X-ray diffraction data for cyclo-(Phe-Leu-Leu-Leu-Ile) was collected by using a VENTURE PHOTON100 CMOS Bruker diffractometer with Micro-focus IuS source Cu Kα radiation. Crystal was mounted on a CryoLoop (Hampton Research) with Paratone-N (Hampton Research) as cryoprotectant and then flashfrozen in a nitrogen-gas stream at 100 K64. The temperature of the crystal was maintained at the selected value by means of an N-Helix cooling device to within an accuracy of ± 1 K. The data were corrected for Lorentz polarization, and absorption effects. The structures were solved by direct methods using SHELXS-9765 and refined against F2 by full-matrix least-squares techniques using SHELXL-201866 with anisotropic displacement parameters for all non-hydrogen atoms. Hydrogen atoms were introduced into the calculations as a riding model with isotropic thermal parameters. All calculations were performed by using the Crystal Structure crystallographic software package WINGX67.

The crystal data collection and refinement parameters are given in Table S7.

CCDC 1,944,171 contains the supplementary crystallographic data for this paper. These data can be obtained free of charge from the Cambridge Crystallographic Data Centre via https://www.ccdc.cam.ac.uk/Community/Requestastructure.

Computational details

All calculations have been performed using Gaussian 16W. Prior to DFT calculations, a conformational analysis has been performed using the GMMX plugin. Each conformer has been optimized using DFT at the B3LYP/6-31g(d) level. Frequency calculation have been performed at the same level of theory. Rotational strengths have been calculated using the B3LYP/6-311+g(d,p) for 20 excited states. ECD spectra were plotted using the Gaussview 6. GIAO NMR properties were predicted using the MPW1PW91/6-311+g(2d,p).
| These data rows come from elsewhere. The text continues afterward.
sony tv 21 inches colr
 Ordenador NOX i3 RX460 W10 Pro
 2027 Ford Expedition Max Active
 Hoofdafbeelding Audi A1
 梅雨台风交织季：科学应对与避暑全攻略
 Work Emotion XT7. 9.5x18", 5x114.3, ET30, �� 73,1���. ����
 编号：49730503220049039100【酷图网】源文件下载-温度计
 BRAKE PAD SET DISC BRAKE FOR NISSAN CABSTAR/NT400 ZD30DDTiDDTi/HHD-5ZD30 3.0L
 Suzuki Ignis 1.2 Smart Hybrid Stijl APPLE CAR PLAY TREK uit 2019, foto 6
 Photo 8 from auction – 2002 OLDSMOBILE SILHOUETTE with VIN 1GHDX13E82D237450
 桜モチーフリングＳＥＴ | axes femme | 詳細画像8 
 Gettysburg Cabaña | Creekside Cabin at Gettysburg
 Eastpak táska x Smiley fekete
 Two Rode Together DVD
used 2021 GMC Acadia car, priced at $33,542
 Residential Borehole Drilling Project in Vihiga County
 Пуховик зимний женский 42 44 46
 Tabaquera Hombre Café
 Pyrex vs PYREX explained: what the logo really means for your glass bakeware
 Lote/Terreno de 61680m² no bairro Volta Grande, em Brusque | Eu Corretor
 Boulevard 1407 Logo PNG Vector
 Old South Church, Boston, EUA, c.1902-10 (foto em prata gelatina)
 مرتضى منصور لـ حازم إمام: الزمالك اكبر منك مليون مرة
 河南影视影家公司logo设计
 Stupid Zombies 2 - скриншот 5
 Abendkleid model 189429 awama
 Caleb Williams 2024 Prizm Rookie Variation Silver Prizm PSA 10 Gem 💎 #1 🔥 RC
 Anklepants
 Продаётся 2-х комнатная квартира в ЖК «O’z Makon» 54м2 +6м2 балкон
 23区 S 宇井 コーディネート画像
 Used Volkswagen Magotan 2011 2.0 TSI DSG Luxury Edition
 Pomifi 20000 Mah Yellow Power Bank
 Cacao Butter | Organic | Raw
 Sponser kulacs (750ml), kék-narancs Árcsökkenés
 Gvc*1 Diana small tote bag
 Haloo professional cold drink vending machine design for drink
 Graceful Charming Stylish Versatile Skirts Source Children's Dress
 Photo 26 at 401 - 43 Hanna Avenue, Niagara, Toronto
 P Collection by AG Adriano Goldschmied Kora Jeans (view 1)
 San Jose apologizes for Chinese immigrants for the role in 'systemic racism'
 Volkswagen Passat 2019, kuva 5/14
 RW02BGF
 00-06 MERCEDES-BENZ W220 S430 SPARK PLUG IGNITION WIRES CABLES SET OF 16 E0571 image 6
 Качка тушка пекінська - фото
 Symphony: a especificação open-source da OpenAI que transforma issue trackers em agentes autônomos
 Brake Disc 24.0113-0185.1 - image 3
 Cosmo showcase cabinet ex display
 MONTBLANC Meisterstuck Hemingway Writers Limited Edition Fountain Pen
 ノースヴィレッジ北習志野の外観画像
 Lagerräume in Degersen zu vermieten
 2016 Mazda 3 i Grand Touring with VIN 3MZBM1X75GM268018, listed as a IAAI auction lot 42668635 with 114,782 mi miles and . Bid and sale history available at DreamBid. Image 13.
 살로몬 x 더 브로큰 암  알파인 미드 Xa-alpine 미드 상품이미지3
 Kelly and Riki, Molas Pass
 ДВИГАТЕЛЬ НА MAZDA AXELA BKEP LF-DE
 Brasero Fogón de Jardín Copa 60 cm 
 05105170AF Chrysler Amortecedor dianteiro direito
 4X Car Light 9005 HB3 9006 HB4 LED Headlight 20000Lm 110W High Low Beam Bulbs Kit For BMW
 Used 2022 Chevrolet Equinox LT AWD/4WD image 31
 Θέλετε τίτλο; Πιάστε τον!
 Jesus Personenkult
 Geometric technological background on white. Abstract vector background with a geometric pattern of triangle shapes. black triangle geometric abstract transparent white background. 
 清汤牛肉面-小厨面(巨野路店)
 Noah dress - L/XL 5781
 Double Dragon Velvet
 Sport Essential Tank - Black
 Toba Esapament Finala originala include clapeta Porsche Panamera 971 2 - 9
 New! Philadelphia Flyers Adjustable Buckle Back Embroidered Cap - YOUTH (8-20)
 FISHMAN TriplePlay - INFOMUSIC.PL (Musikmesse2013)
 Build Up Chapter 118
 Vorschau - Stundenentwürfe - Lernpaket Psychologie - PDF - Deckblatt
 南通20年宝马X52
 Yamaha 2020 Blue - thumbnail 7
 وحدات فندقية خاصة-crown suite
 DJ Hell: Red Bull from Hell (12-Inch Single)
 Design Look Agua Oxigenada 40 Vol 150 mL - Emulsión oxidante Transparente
Theoretical and experimental NMR chemical shift were compared using common metrics such as linear correlation (R2), mean average error (MAE) and DP4 probability [ \* MERGEFORMAT 33].

Cytotoxicity evaluation

For each strain, a crude extract was tested to determine its cytotoxicity at 10 µg/ml using normal human lung fibroblast cells MRC-5 (ATCC CCL-171). The assay was conducted according to the procedure described by Tempête et al.50. Docetaxel (Sigma-Aldrich, France) was used as positive controls. Docetaxel show 0.0005% mortality at 1 μg/mL.